LimnoTech / HSPsquared

Hydrologic Simulation Program Python (HSPsquared)
GNU Affero General Public License v3.0
2 stars 0 forks source link

Write input data to Parquet file #23

Open aufdenkampe opened 3 years ago

aufdenkampe commented 3 years ago

We've decided to write all input data to a Parquet file, which is a high-performance binary data storage format designed for big-data and cloud-computing.

Parquet is tightly integrated with Pandas, and is designed to manage complex hierarchical, nested data structures, similar to HDF5.

Our intent is to support both HDF5 and Parquet for storage of input and output data.

ptomasula commented 3 years ago

@aufdenkampe @steveskrip @htaolimno Switching the code to support Parquet files may prove to be a larger under taking than initially expected. It seems the main method takes HDF files as an argument then subsequently opens that HDF as an HDFStore which is passed from the main method to the various sub-processes. Making the switch will require that all of those various methods are updated to use a different file format as well.
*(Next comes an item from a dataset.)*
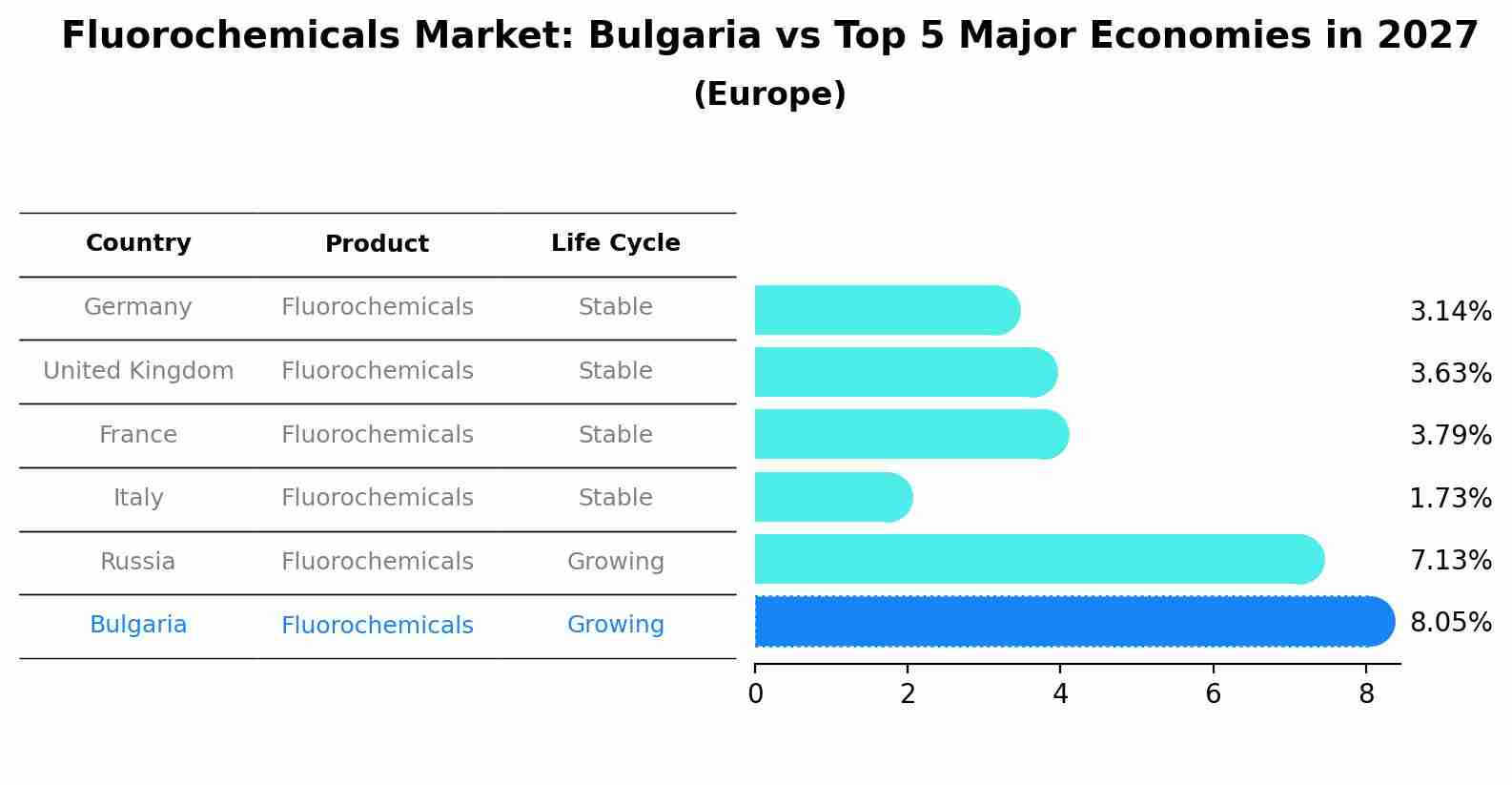 Fluorochemicals Market: Bulgaria vs Top 5 Major Economies in 2027 (Europe)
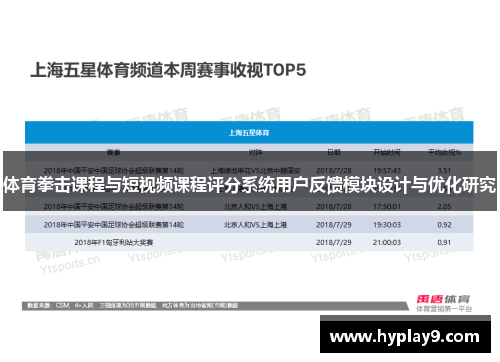 体育拳击课程与短视频课程评分系统用户反馈模块设计与优化研究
I'm also not super keen on having a single file format be the only one supported by the business logic. I think there's a strong argument to be made for having a pandas DataFrame be level at which the main code interfaces with the input data and we write the appropriate utilities to read other files and store them as a uniformly formatted pandas DataFrame. I'd like to think that through some more. One immediate issue that comes to mind is holding all of the input data as a single DataFrame in memory could be a problem. Maybe the solution is to write a method that can pull out just the TS necessary for the specific operation (similar to this line) but not specific to a file format. Open to other suggestions on how to best handle this.